## TASK STATEMENT
Count the lines in the listing below that contain the word "artists" and report that number alone.

## DATA PROVIDED

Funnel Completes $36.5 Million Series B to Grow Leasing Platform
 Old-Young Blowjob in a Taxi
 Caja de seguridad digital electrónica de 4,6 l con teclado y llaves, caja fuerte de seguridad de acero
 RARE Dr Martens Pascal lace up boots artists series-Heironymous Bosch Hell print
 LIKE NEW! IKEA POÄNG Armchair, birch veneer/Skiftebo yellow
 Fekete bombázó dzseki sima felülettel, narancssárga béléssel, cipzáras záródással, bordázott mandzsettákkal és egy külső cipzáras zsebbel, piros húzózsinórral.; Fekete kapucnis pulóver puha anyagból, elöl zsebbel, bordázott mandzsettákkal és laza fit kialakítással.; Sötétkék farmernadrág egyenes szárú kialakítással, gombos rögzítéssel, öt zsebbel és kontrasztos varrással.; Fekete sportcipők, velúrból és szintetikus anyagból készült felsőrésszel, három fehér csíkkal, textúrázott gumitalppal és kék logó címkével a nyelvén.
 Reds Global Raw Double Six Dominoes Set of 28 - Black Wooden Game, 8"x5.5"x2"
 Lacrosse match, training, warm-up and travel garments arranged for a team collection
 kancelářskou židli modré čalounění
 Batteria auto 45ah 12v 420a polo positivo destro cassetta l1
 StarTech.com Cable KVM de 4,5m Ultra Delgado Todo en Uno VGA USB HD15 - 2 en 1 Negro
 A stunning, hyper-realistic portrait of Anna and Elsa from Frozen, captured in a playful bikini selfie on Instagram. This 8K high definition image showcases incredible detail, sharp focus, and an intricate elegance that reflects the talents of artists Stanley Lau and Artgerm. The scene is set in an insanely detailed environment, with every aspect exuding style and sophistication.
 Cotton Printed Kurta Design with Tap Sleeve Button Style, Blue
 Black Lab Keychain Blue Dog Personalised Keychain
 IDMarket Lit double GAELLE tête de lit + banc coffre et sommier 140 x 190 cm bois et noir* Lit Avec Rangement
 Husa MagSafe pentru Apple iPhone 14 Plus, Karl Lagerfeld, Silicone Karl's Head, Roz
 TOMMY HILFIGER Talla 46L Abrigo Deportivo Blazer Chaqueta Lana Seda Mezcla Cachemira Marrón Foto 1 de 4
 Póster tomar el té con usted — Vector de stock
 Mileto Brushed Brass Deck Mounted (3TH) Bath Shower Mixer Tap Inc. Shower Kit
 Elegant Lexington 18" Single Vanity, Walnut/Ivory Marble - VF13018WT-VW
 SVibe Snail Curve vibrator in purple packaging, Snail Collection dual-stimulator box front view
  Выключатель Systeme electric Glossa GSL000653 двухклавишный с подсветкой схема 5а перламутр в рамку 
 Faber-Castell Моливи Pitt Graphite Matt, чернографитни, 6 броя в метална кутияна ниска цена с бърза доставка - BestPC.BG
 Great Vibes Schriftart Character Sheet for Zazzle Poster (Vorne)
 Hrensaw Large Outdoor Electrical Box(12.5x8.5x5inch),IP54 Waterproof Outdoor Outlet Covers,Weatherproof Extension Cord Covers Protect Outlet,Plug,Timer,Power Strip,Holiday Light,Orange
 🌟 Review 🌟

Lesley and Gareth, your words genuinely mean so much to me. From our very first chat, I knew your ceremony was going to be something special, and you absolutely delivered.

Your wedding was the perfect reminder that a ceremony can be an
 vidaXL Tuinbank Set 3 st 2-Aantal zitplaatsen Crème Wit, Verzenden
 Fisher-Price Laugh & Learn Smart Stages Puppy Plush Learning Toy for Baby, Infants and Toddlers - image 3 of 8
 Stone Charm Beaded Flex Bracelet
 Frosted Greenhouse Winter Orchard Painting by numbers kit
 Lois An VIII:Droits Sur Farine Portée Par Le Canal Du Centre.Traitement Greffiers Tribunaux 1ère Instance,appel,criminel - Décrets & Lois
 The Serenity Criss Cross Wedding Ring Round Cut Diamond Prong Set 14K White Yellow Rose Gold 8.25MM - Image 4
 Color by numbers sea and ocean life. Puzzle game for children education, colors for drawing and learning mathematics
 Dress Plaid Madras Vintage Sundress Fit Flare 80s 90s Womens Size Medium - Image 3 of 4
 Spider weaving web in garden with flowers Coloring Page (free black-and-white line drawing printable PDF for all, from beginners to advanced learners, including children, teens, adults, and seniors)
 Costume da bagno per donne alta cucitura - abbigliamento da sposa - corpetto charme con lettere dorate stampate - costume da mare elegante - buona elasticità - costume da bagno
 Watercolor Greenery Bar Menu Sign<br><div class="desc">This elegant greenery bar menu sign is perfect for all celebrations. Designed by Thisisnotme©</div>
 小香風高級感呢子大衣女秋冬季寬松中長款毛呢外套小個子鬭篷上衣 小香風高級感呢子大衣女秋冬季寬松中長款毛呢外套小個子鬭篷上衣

## SOLVED PROBLEM
2